◆ **Requirement**
Take the material below and extract the lines from the one with "10604 Carrollbrook Ln, Tampa, FL" through the one with "益智珍珠马蹄炒腰果-长江国际酒店-中餐厅", word for word, without pictures.

◆ **Material supplied**
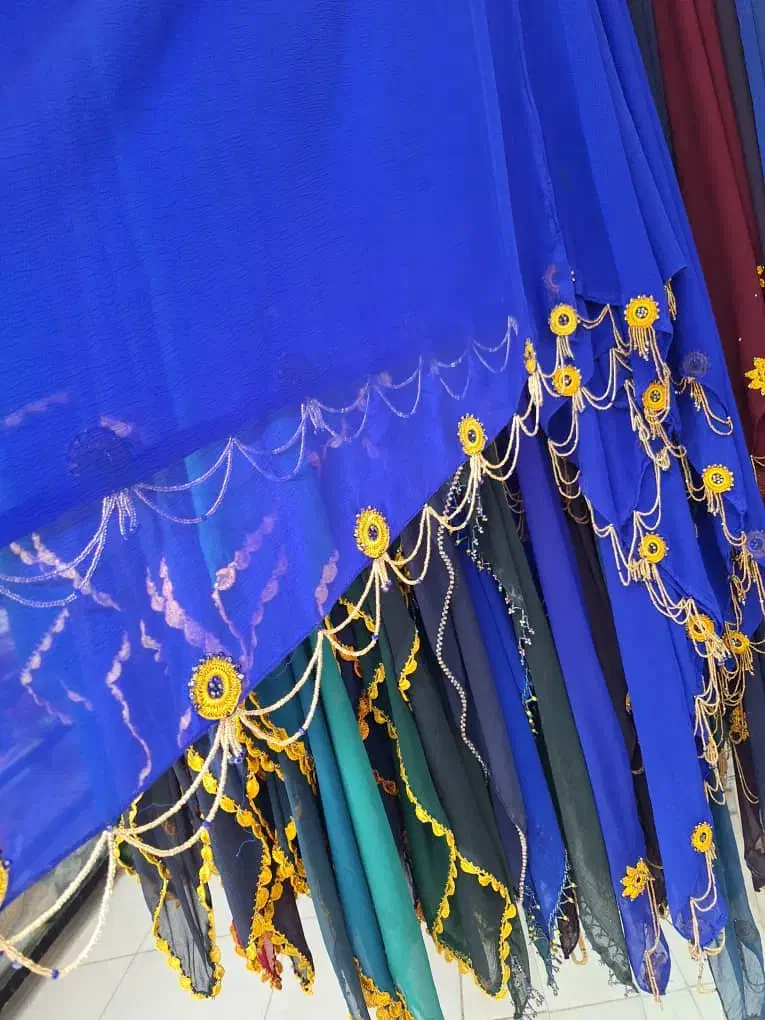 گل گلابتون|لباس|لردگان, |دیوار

==

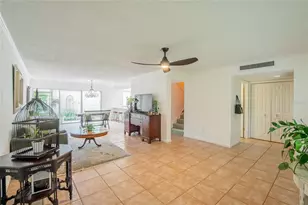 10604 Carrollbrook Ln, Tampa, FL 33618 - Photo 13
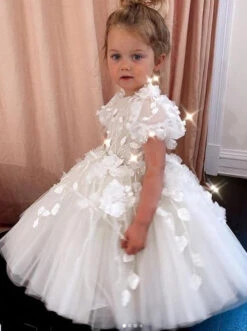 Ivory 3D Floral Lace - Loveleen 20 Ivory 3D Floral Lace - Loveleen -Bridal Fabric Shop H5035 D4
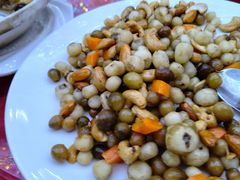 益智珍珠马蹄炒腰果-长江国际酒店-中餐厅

◆ **Solved problem**
 10604 Carrollbrook Ln, Tampa, FL 33618 - Photo 13
 Ivory 3D Floral Lace - Loveleen 20 Ivory 3D Floral Lace - Loveleen -Bridal Fabric Shop H5035 D4
 益智珍珠马蹄炒腰果-长江国际酒店-中餐厅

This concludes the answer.